Posted by: Zhang Fei   2017-04-11 15:55  

#10  We don't need ground troops in Syria to topple Assad. Air support will do it. We're not doing it because we don't want to topple him. The strongest rebel forces in Syria are jihadists of various flavors. We don't need them in power.
Posted by: Zhang Fei   2017-04-11 15:50  

#9  That's right - work smarter, not harder!

Yep. Besides, all our regime-changers are busy working on regime-changing America at the moment.
Posted by: SteveS   2017-04-11 13:55  

#8  ...and when is the word 'neo-conservative' and its derivatives gonna go out of style?

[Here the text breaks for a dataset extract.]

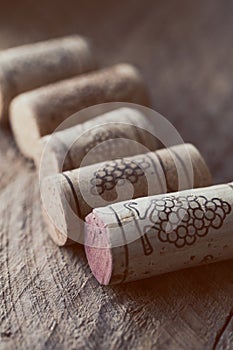 Wine corks on old wooden background, selective focus point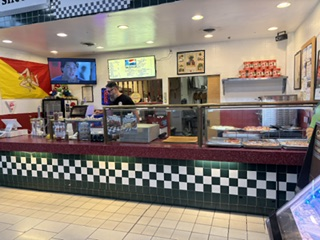Inside Trattoria Natoli — checkered tile counter, Sicilian flag and menu boards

That word has annoyed the ever living shit out of me since I first saw it.
Posted by: Raj   2017-04-11 13:45  

#7  Daniel Pipes of the Middle East Forum thinks America should let Sunnis and Shi'ites exhaust each other.

That's right - work smarter, not harder!
Posted by: Raj   2017-04-11 13:30  

#6  neo-conservatives Reuel Gerecht and Ray Takeyh

Neo-conservatives as in students in the McCain-Graham School of Warmongering? If these idiots want a war so badly they should feel free to go over there and get their own butts blown off. But leave the American military and taxpayers out of it.
Posted by: Abu Uluque   2017-04-11 13:25  

#5  Daniel Pipes of the Middle East Forum thinks America should let Sunnis and Shi'ites exhaust each other.

Yeah, put me down for that one.
Posted by: DepotGuy    2017-04-11 10:59  

#4  The second is to cut a deal with Russia and China: We muzzle the Sunni jihadists whom we (or our allies like Saudi Arabia) supported, and Russia and China cut Iran off at the knees.

Rather: they drop Iran, you drop Saudia
Posted by: g(r)omgoru   2017-04-11 08:58  

#3  But I don't know if that will work Besoeker
Posted by: g(r)omgoru   2017-04-11 08:57  

#2   The Trump administration should create a special task force for regime change in Iran and recruit PJ Media's Michael Ledeen to run it. Iran is vulnerable to subversion.

'Regime Change'... yea, that's the ticket. Worked well in Cuba, Vietnam, Somalia, Libya, The DRC, Zimbabwe, South Africa, Nicaragua, etc.

[sarc tag added for g(r)om]
Posted by: Besoeker   2017-04-11 08:26  

#1  You don't think we've already had Special Forces on the ground for well over a year?